1. The term “Bank” means International Bank for Reconstruction and Development.
2. The term “member” means a member of the Bank.
3. The term “United States” means the United States of America.
4. The term “currency” means such coin or currency as at the time referred to is legal tender for the payment of public and private debts in the territories of the government referred to, whether or not such government is a member. Whenever reference is made to the currency of a member, the term “currency” includes the currencies of all colonies and territories on whose behalf at the time referred to such member has accepted membership in the Bank.
5. The term “dollars” and the sign “$” means dollars in currency of the United States.
6. The term “Loan Agreement” means the particular loan agreement to which these Regulations shall have been made applicable, as amended from time to time; and such term includes all agreements supplemental to the Loan Agreement and all schedules to the Loan Agreement.
7. The term “Loan” means the loan provided for in the Loan Agreement.
8. The term “Borrower” means the member of the Bank to which the Loan is made.
9. The term “Bonds” means bonds executed and delivered by the Borrower pursuant to the Loan Agreement; and such term includes any such bonds issued in exchange for, or on transfer of, Bonds as herein defined.
10. The term “Loan Account” means the account on the books of the Bank to which the amount of the Loan is to be credited as provided in Section 2.01.

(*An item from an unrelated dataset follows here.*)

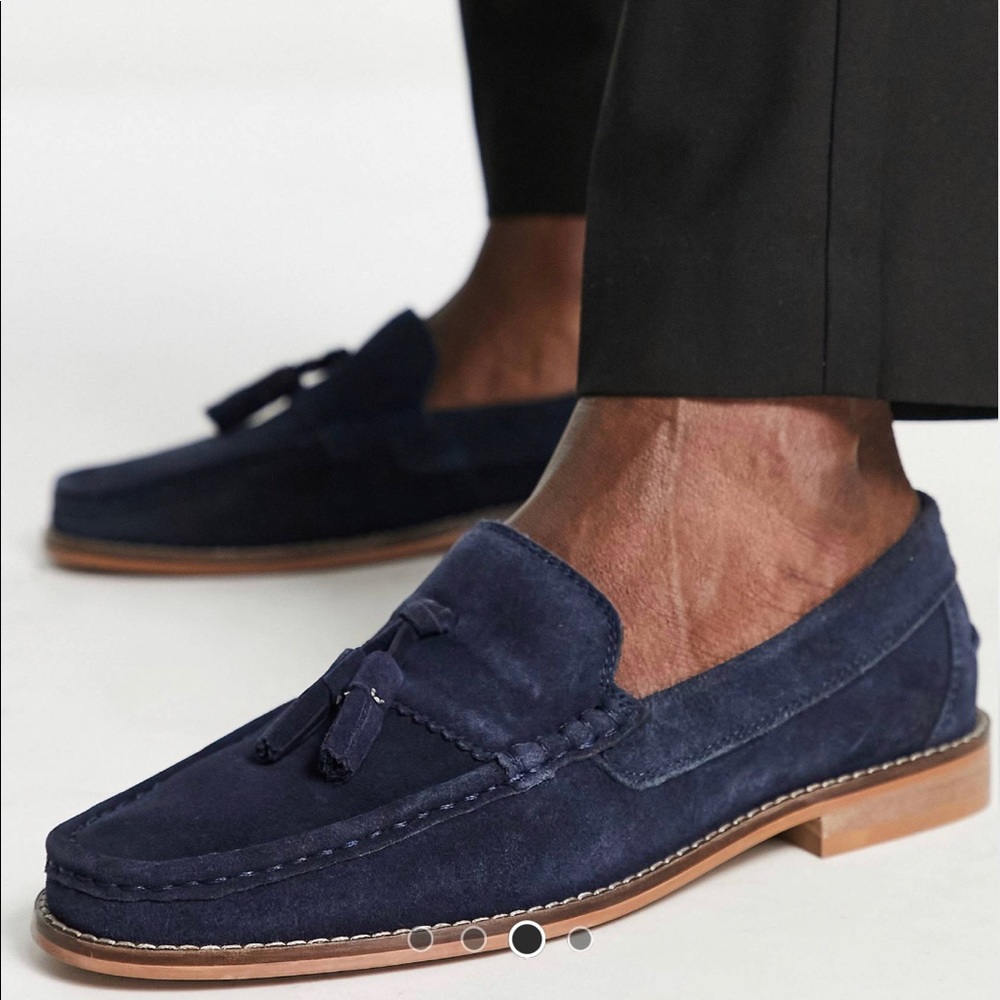 Suede Loafers by ASOS DESIGN in Navy Blue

11. The term “Project” means the project or program for which the Loan is granted, as such project or program is described in the Loan Agreement and as the description thereof shall be amended from time to time by agreement between the Bank and the Borrower.
12. The term “goods” means equipment, supplies and services which are required for the Project. Wherever reference is made to the cost of any goods, such cost shall be deemed to include the cost of importing such goods into the territories of the Borrower.

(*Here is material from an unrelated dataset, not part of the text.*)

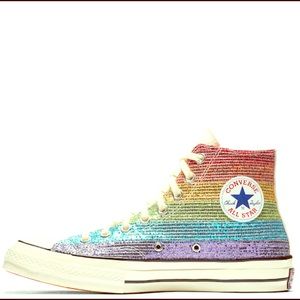 NWT Converse Pride 70s Rainbow Glitter HiTops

13. The term “external debt” means any debt payable in any medium other than currency of the Borrower, whether such debt is payable absolutely or at the option of the creditor in such other medium.

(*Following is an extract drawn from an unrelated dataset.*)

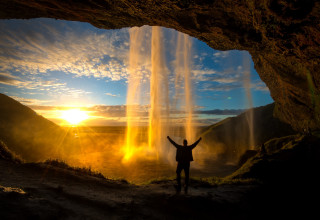 Cave sunset waterfall outdoors matte - a cave free wallpaper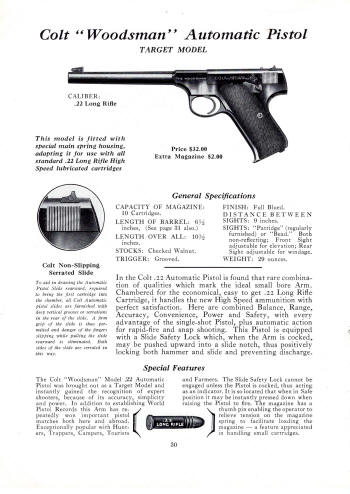 Colt Fire Arms Jan. 1935 Catalog auto woodsman target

14. The term “Closing Date” means the date specified in the Loan Agreement as the Closing Date, or such other date as shall be agreed upon by the Bank and the Borrower as the Closing Date.
15. The term “Effective Date” means the date on which the Loan Agreement shall come into force and effect as provided in Section 9.03.
16. The term “lien” shall include mortgages, pledges, charges, privileges and priorities of any kind.
17. The term “assets” shall include revenues and property of any kind.
18. The terms “tax” and “taxes” shall include imposts, duties and levies of any kind, whether in effect at the date of the Loan Agreement or thereafter imposed.
19. Wherever reference is made to the incurring of debt such reference shall include the assumption and guarantee of debt.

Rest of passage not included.